We have nothing to do with emergency exits: SITE

Rescue work stopped, focus falls on labour department and civil defence.


Saad Hasan/shaheryar Mirza September 13, 2012

KARACHI:


The chief engineer of the Sindh Industrial Trading Estate Limited (SITE), where thousands of factories are located, has said that they have nothing to do with emergency exits or fire-fighting arrangements.


“We have nothing to do with the safety and emergency exits. Our building bylaws say nothing about it,” said Shabbir Khokhar, the chief engineer. “It is responsibility of the civil defence department to ensure that fire-fighting precautions have been taken.”

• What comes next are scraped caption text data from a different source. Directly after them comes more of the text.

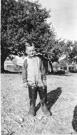 Aged 3 years, 7 months.
December 19, 1945. 
In dads boots. Note the pens and shed in the background. The shed is where the chickens and turkeys stayed. This is at the Johnson Place.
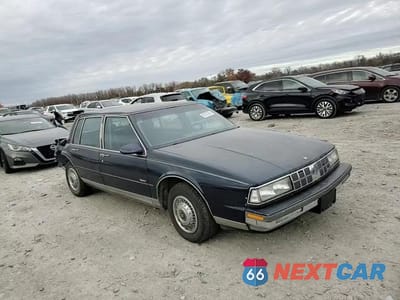 Zdjęcie 13 z 14 samochodu: 1990 OLDSMOBILE 98 REGENCY VIN:1G3CX54CXL4356754 - miniatura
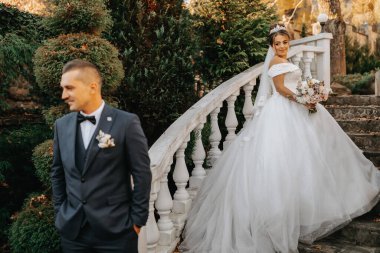 Mutlu düğün çifti portresi, sonbahar ormanında gelin ve damat taş merdivenlerin yanında poz veriyor. Takım elbiseli bir adam, gelinlikli bir kız.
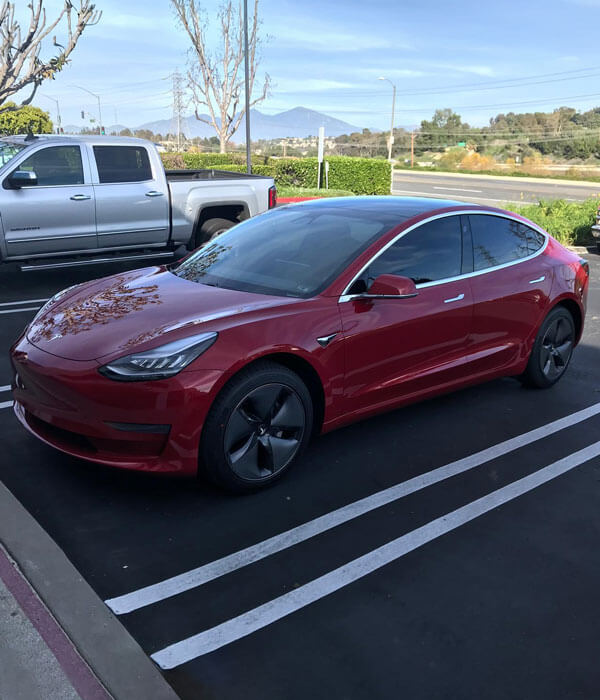 window tint on red Tesla EV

He said that they had visited the factory where 258 people perished in a fire on Tuesday, but they couldn’t go inside. “But there was a separate staircase for every block of the factory,” he noted.

Experts who visited the site say there was every indication that the employees did not know how to cope with an emergency. “The first three minutes are crucial in a fire like this,” said Farhat Hussain, the president of the Fire Association of Pakistan. If the fire is not controlled within this timeframe, then the situation gets out of control easily. “Fire extinguishers and emergency exits are useless if people can’t use them.”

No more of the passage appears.